_TASK STATEMENT:_
Pull each line containing "with" from the data.

_DATASET EXCERPTS:_
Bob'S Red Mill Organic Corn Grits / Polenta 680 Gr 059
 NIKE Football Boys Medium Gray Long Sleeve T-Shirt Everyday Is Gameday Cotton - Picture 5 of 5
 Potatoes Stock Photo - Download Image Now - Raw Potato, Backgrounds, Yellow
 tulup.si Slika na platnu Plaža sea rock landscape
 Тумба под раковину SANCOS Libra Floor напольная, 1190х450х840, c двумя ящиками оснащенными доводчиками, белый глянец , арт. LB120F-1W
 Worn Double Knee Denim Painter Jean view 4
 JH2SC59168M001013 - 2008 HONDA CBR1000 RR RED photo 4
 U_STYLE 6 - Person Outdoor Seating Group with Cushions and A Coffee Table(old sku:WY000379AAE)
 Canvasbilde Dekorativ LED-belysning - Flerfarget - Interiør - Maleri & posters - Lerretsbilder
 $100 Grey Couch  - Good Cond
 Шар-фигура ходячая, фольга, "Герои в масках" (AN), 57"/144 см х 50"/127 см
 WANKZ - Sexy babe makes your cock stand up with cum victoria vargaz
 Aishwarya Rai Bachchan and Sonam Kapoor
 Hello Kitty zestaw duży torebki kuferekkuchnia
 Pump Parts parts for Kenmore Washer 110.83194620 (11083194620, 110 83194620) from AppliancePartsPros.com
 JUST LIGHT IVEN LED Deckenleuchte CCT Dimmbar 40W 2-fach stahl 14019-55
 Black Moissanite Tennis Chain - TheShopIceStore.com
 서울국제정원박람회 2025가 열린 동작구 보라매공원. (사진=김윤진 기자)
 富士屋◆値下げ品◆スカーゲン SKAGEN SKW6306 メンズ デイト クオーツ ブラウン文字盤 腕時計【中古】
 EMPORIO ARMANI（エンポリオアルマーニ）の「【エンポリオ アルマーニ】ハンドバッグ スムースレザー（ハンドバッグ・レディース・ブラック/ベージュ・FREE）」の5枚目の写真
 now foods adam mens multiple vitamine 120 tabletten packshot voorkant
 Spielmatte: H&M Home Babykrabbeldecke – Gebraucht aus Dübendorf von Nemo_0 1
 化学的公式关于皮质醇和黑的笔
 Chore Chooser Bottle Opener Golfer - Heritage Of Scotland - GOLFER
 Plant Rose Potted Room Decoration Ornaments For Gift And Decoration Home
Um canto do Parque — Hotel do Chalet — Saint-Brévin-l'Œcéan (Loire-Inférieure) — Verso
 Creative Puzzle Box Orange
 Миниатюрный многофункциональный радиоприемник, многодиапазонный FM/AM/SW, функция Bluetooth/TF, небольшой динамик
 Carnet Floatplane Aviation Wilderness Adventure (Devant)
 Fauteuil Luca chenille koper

_EXERCISE SOLUTION:_
 U_STYLE 6 - Person Outdoor Seating Group with Cushions and A Coffee Table(old sku:WY000379AAE)
 WANKZ - Sexy babe makes your cock stand up with cum victoria vargaz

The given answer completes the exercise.